**Work required**
One range is to be output from the listing below, exactly as written: the line with "HI! KOREAN 1B - Workbook" to the line with "Tate no Yuusha", both kept.

**Data for processing**
+ + + + + + +

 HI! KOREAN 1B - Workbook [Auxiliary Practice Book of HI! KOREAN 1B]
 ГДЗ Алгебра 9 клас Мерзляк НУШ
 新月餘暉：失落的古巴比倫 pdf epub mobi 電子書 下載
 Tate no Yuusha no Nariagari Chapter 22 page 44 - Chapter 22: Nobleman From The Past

+ + + + + + +

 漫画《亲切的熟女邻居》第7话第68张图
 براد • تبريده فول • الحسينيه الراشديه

+ + + + + + +

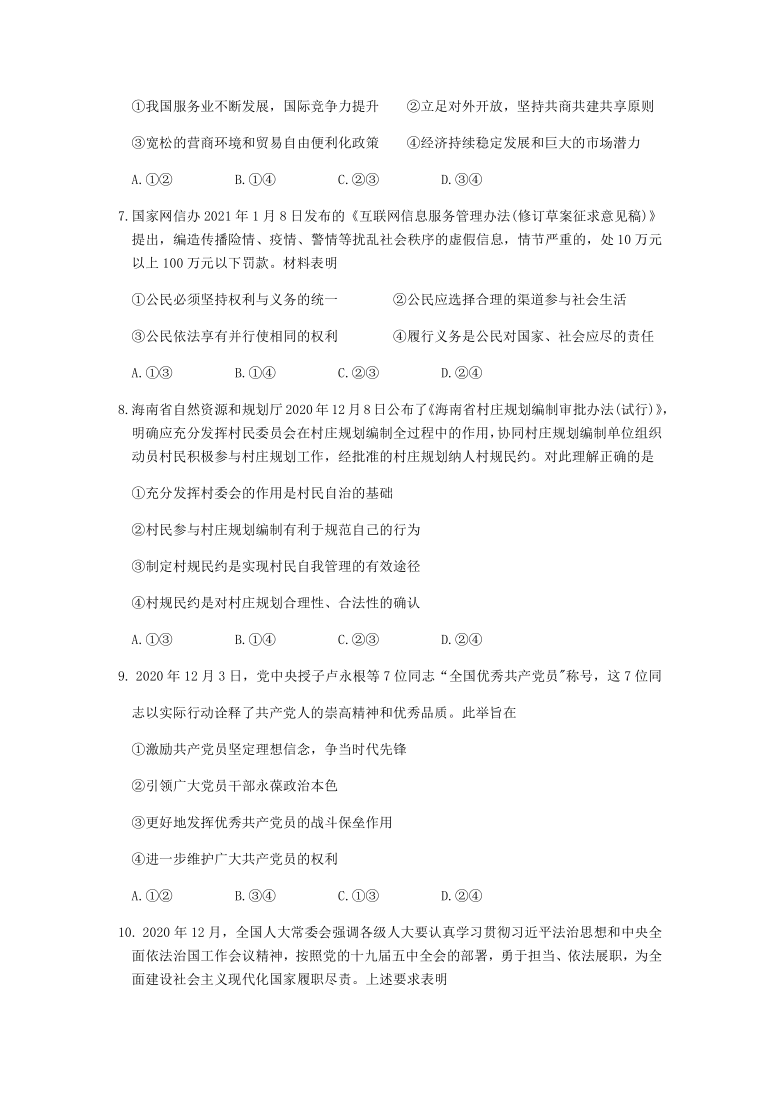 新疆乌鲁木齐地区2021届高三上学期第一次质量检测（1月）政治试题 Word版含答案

+ + + + + + +

**Written answer**
 HI! KOREAN 1B - Workbook [Auxiliary Practice Book of HI! KOREAN 1B]
 ГДЗ Алгебра 9 клас Мерзляк НУШ
 新月餘暉：失落的古巴比倫 pdf epub mobi 電子書 下載
 Tate no Yuusha no Nariagari Chapter 22 page 44 - Chapter 22: Nobleman From The Past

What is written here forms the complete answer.